The sun had come up now, bathing them in a light by which Kaira could see she was too late. Janessa was gone.

At the foot of Vorena’s statue, Kaira held her queen close until the light of the morning seemed to fade. Until the shadow of exhaustion took her …

FORTY-NINE

‘Hake?’ he shouted, his voice echoing around the battlefield above the distant sound of fighting, of snarling beasts, of dying men. ‘Where are you?’ Nobul could hear a hint of desperation in his own voice, but he’d lost Hake in the confusion of battle. He hadn’t wanted to admit it until now but he needed that old man.

There was no one else left alive at the breach — they’d run or died. When those monsters had come from the dark the rout had been complete. Only Nobul was left standing, but where in the hells was bloody Hake?

He stumbled down from the smashed barricade, feeling his shoulder and knee and back jarring with every step. His clothes were sodden but thank fuck the rain had stopped. The sun was rising over the wall but there was still barely any light down in the shadows.

Nobul gritted his teeth against the pain.

Not yet. Don’t give in to it yet, you’re not finished. Not by a long way. There’s more to be done, more killing to be had before you fall, Nobul Jacks.

The hammer was heavy in his hand. So heavy he could have happily let go of it, let it drop to the ground and never picked it up again. His breath came thick and laboured, casting a mist into the damp dawn air.

Or maybe you are finished.

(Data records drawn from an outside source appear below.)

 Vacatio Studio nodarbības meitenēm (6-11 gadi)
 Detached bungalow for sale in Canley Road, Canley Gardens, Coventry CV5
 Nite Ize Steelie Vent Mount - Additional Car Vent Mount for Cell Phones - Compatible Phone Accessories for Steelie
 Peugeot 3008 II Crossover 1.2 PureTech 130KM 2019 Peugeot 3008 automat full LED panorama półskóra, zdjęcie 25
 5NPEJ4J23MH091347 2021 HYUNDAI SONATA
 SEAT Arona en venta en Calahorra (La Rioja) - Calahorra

Maybe it’s time to lie down in the mud and the rubble and call it a day.

A Khurta came screaming at him through the breach, just like his brethren had come before him. This one didn’t have a face twisted with rage, though — this one had a face marred with terror, like it was running from the hells. Still Nobul raised his arm to attack and tensed, planting his feet, swinging that hammer again. The impact rang through his every fibre as he almost took the bastard’s head off, silencing his scream of fear.

The body fell in a crumpled heap as Nobul staggered back.

‘Hake?’ he shouted again.

Hake didn’t come.

Someone else did.

They came walking through that gap in the wall all slow and measured. Not screaming like maddened killers, but stalking like hunters. The Khurtas gave him a wide berth, moving round him like he’d kill them if they got too close. And he would, he’d kill them like he killed all the rest.

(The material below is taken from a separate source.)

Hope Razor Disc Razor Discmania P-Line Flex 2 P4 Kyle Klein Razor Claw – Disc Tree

He should have rushed one of them, not given them the chance to get him enclosed, but Nobul was tired. Oh so tired. The time for rushing had passed. Let them come to him; he’d show them he was no wounded animal ready for the slaughter.

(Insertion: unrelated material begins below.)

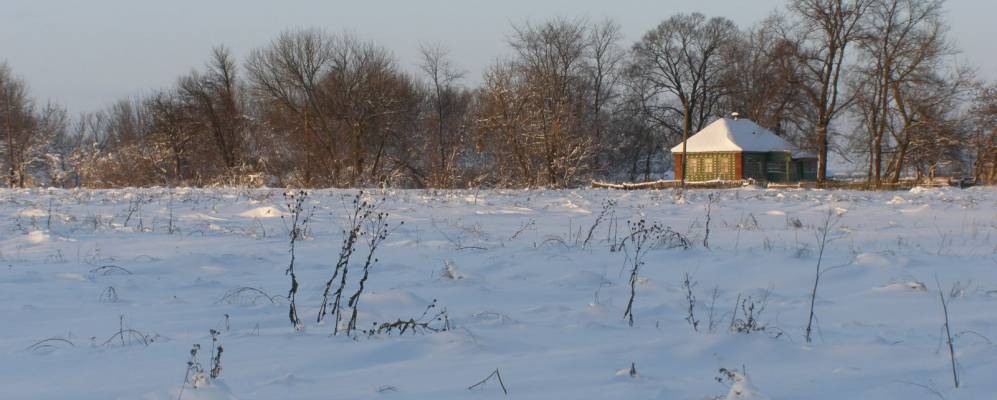 Фотография Николаевки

There were six in all, each pair of eyes staring at him intently, every weapon held at the ready. They stopped and glared through the cold as the last of them walked through the breach. His weapons weren’t drawn, sword and axe hung loose at his sides, hands resting on them. He stood there for a while, eyeing Nobul with interest … respect even.

The helmet felt heavy on his head now, weighing him down like he’d forged it from a block of granite, not black iron. Nobul lifted it from his head and let it drop to the ground with a dull clank. Let them look at his face — his beaten, bloody face. Let them see his eyes. That would let them know, without a word, what they were about to get into.